If you talk to and really listen to every NPC you meet, you'll learn plenty about how to use Link's powers and interact with the world. But conveniences players have come to expect from modern games are either entirely lacking or inconsistent. I love puzzling out new recipes in any crafting system and there's a huge variety to be found by tossing all sorts of components into a cookpot. However, even once you've discovered a recipe you have to keep selecting each component individually for the rest of the game without being able to consult a recipe book to remind you what it will make.
Sometimes when you get advised to go to a new place, the quest marker will move there. Sometimes it will just stay with whoever gave you the tip and you need to just remember the directions. That's tricky given that the game's terrain can often look very similar and that it's easy to get distracted running off to chase down a critter or a shrine that pops up on your map. Forcing you to stay on track feels perverse for a game that's ostensibly about the joy of discovery.
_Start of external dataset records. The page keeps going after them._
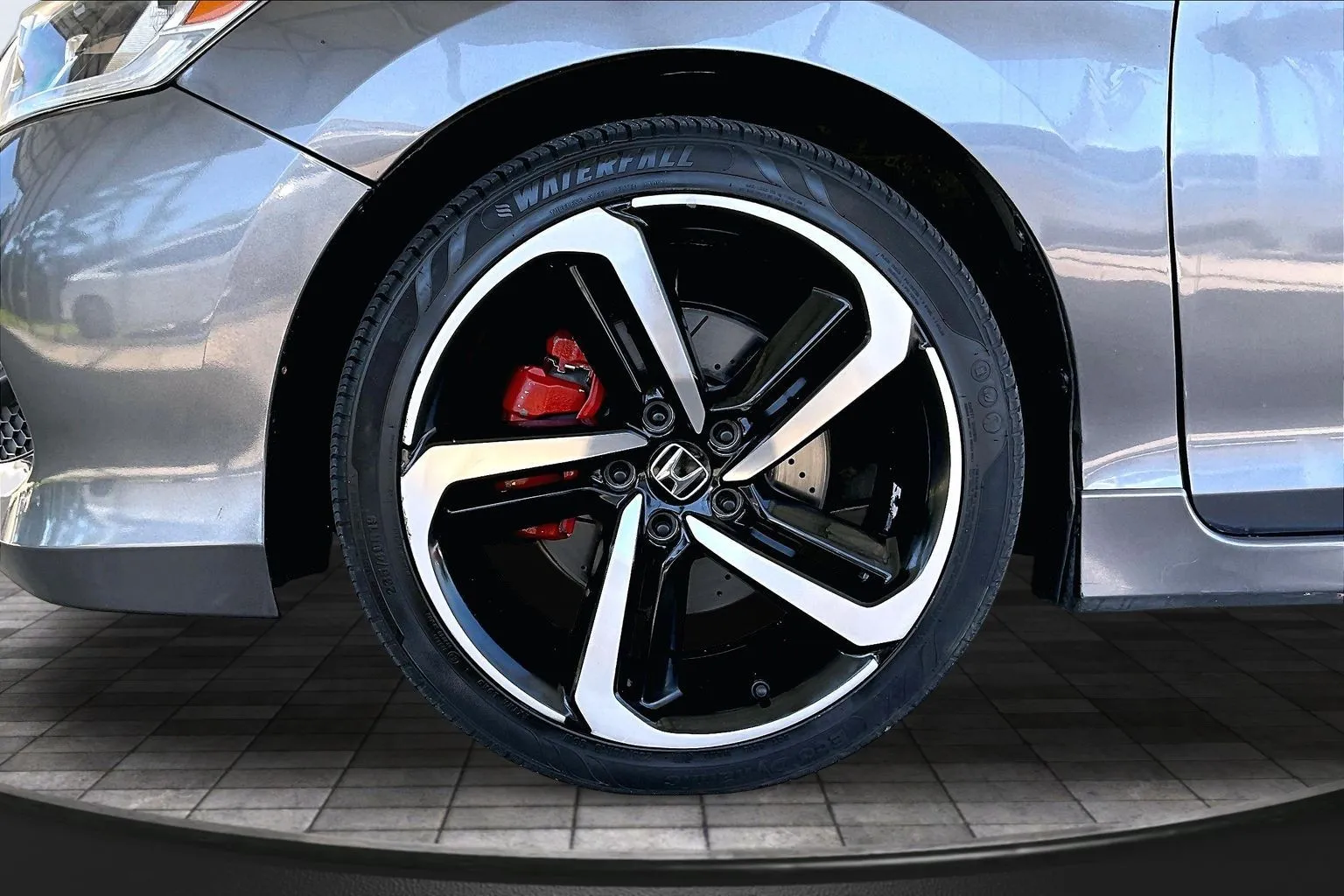 Honda Accord photo 30
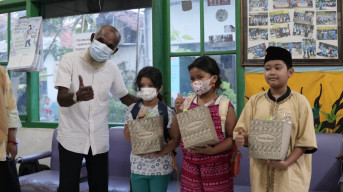 TBM SEKECAMATAN SAWAHAN BERSAMA KKN MAHASISWA UNESA, GELAR ALISKURMA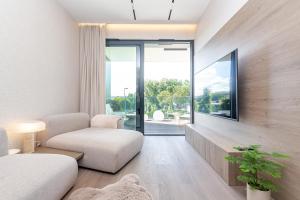 Omega Lake Prestige # 5 Private Pool & Jacuzzi & Sauna & Gym & Lake Access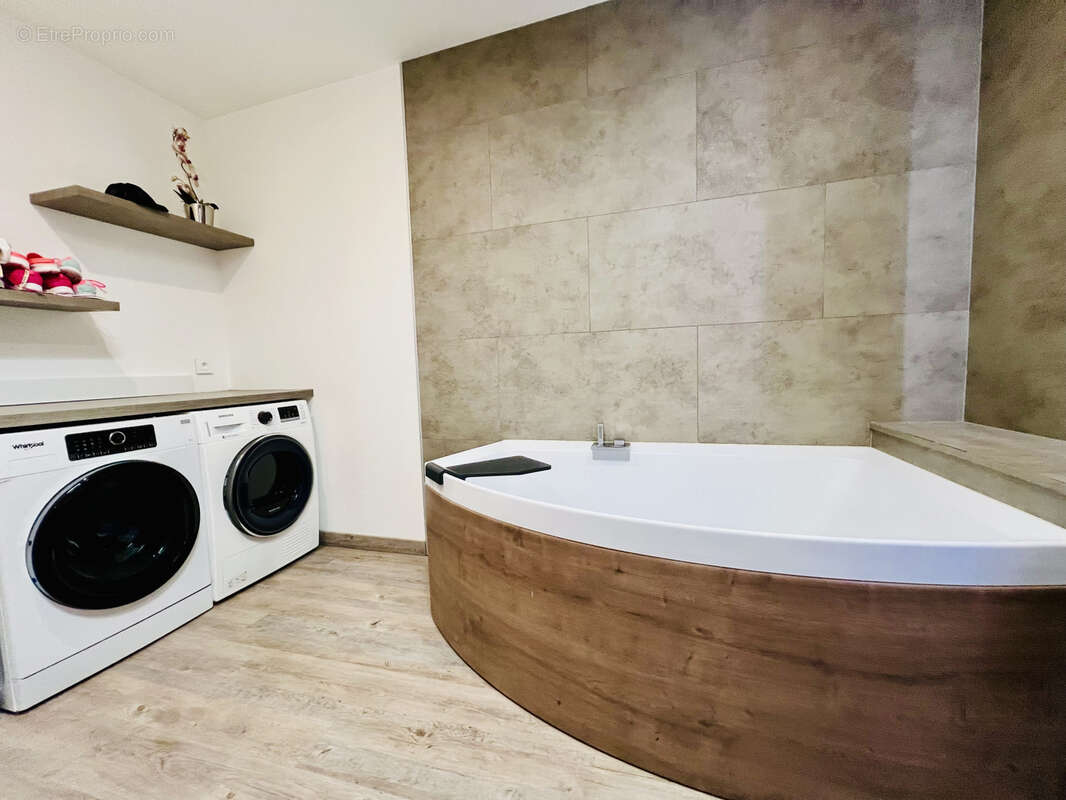 Vente villa T6 - local professionnel - garage - piscine - photo 15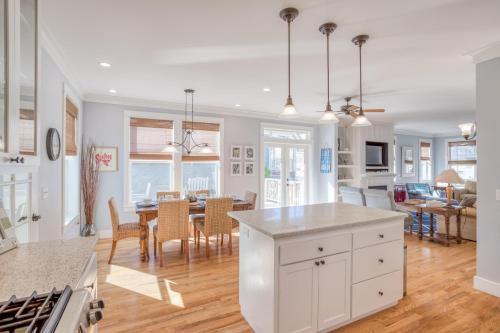 Jewel Box At The Beach - image 9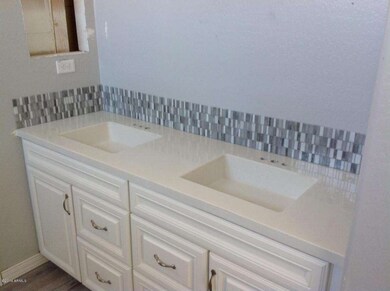 Master Vanity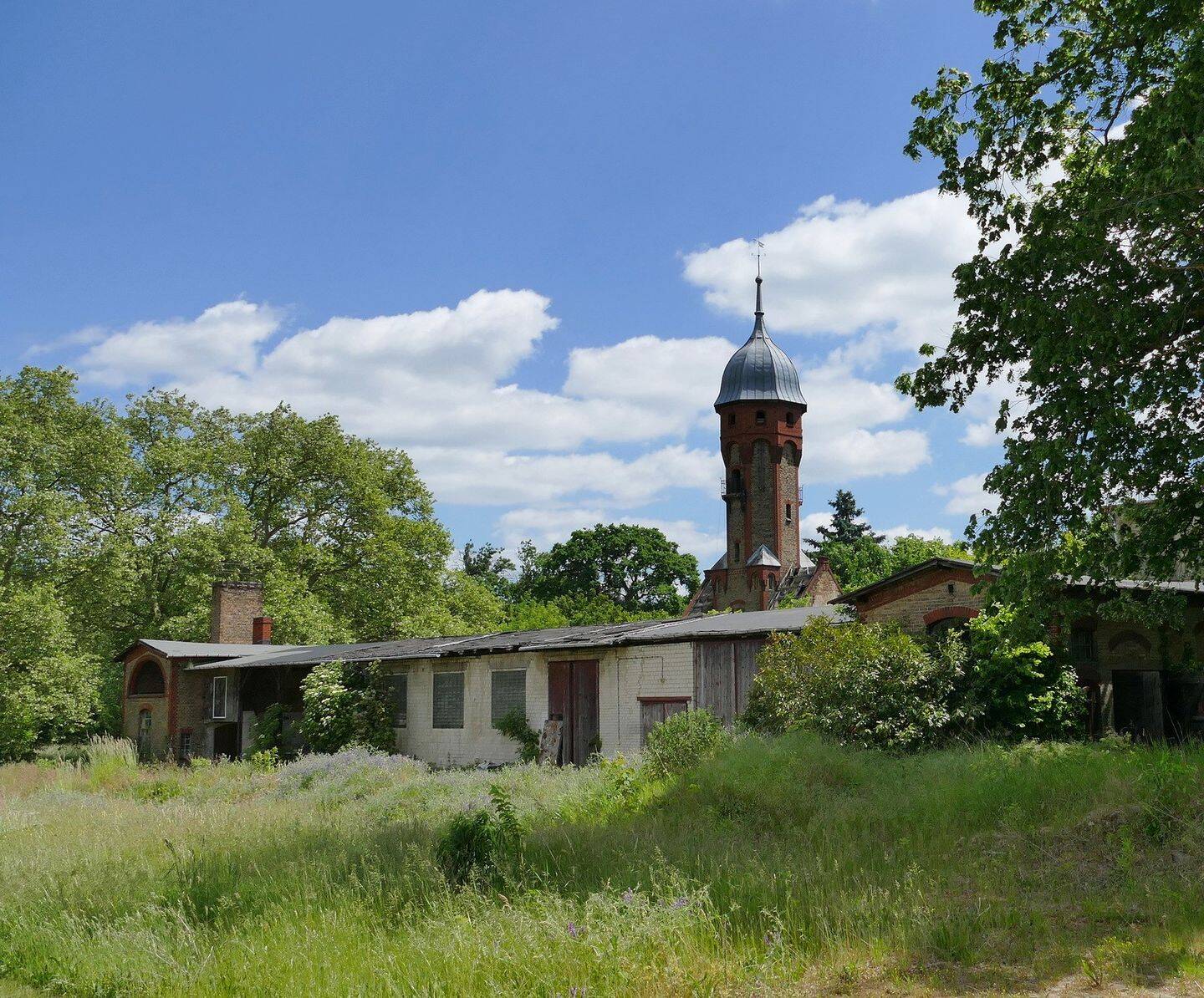 Ohne Käuferprovision: idyllisches Dahlewitz, freistehend, mit interessantem Nebengelass und Garage, 15827 Blankenfelde-Mahlow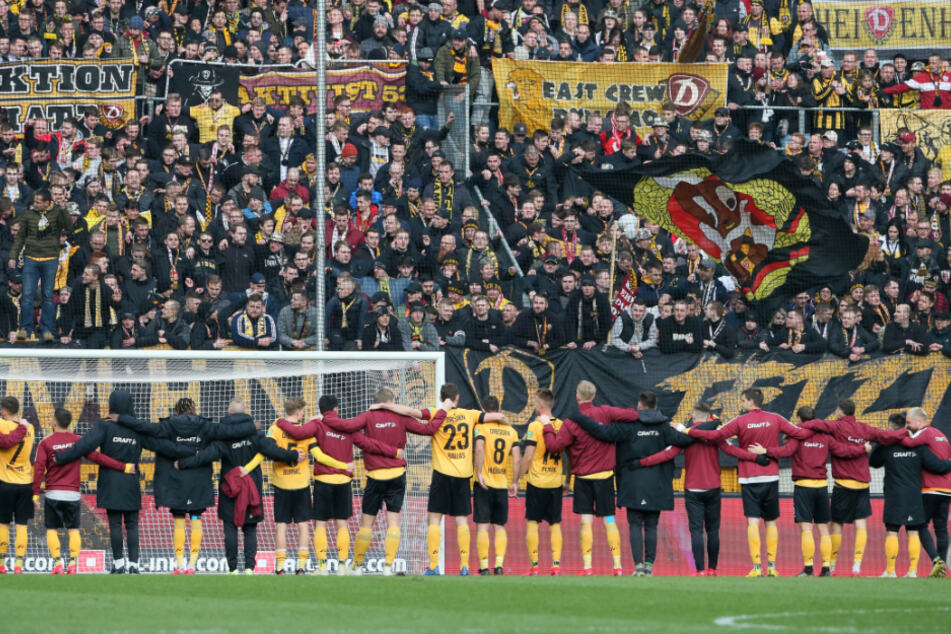 Sieg gegen den Erzrivalen FC Erzgebirge Aue, Licht am Horizont im Abstiegskampf. Die Mannschaft ließ sich von ihren Anhängern feiern.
The Legend of Zelda: Breath of the Wild — Should you buy it?
Breath of the Wild is massive and its weaknesses can get particularly annoying if you try to move through it too fast. Take your time to wander the gorgeous landscapes looking for secrets or just turn on your Switch and enjoy the ability to hop into a dungeon and spend a few minutes testing your brain and coordination. If you pace yourself, you'll find a lot to love.
This game was one of the biggest reasons to buy the Switch when it came out, and it remains a title everyone with the console should try. If you haven't played a Zelda game before, you don't need to be intimidated. The game's lore is easy to pick up and the mechanics will feel familiar to almost anyone who's played an open-world adventure game or RPG. If you have played Zelda games but weren't a fan of some of the series' mechanics, you might still want to try out Breath of the Wild considering how much it transforms the experience.